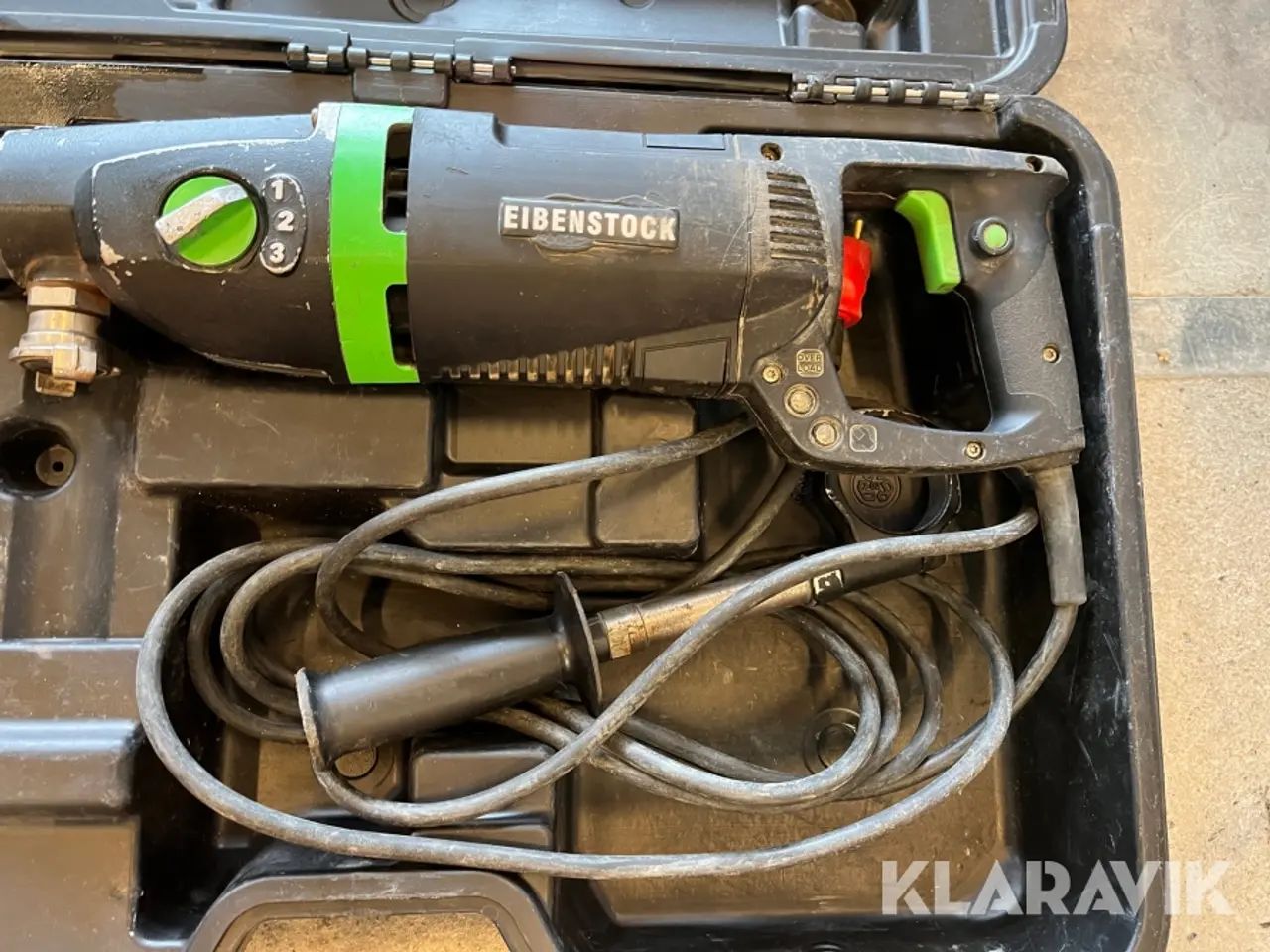 Billede 9 - Kerneboremaskine Eibenstock ETN 162/3 håndholdt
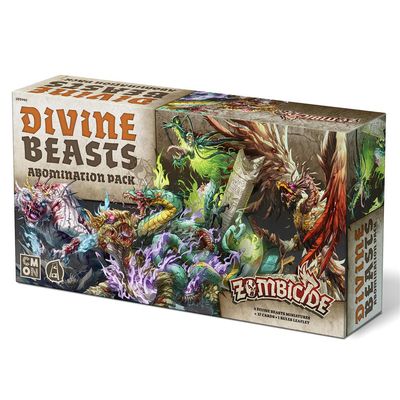Zombicide: White Death: Divine Beast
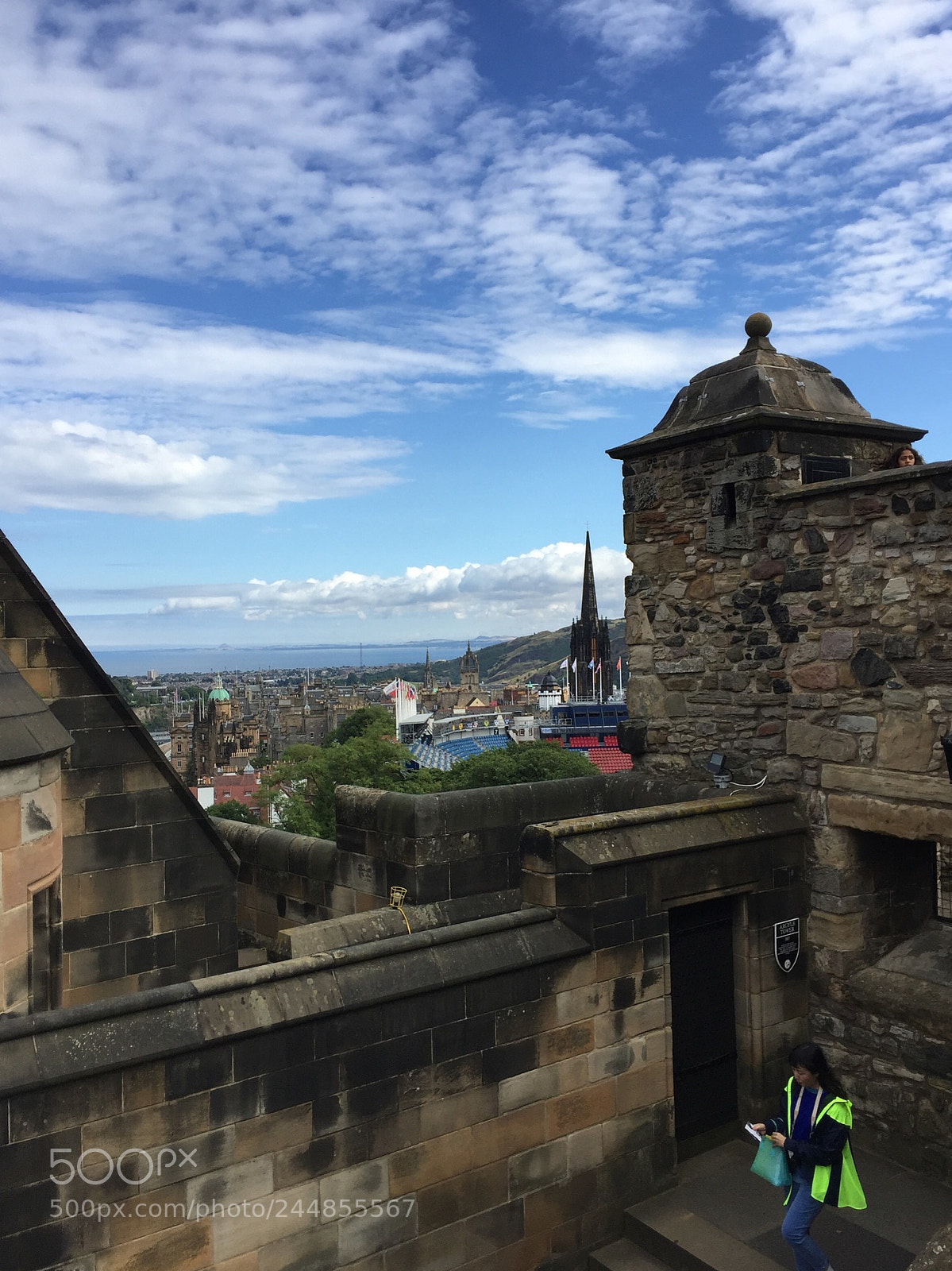 Apple iPhone 6 sample photo. Scotland photography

|---|

BRIEF: Each line from the line containing "Zombicide: White Death: Divine Beast" through the last line above must be written out exactly, and every picture must be omitted.

REPLY TO THE EXERCISE:
Zombicide: White Death: Divine Beast
 Apple iPhone 6 sample photo. Scotland photography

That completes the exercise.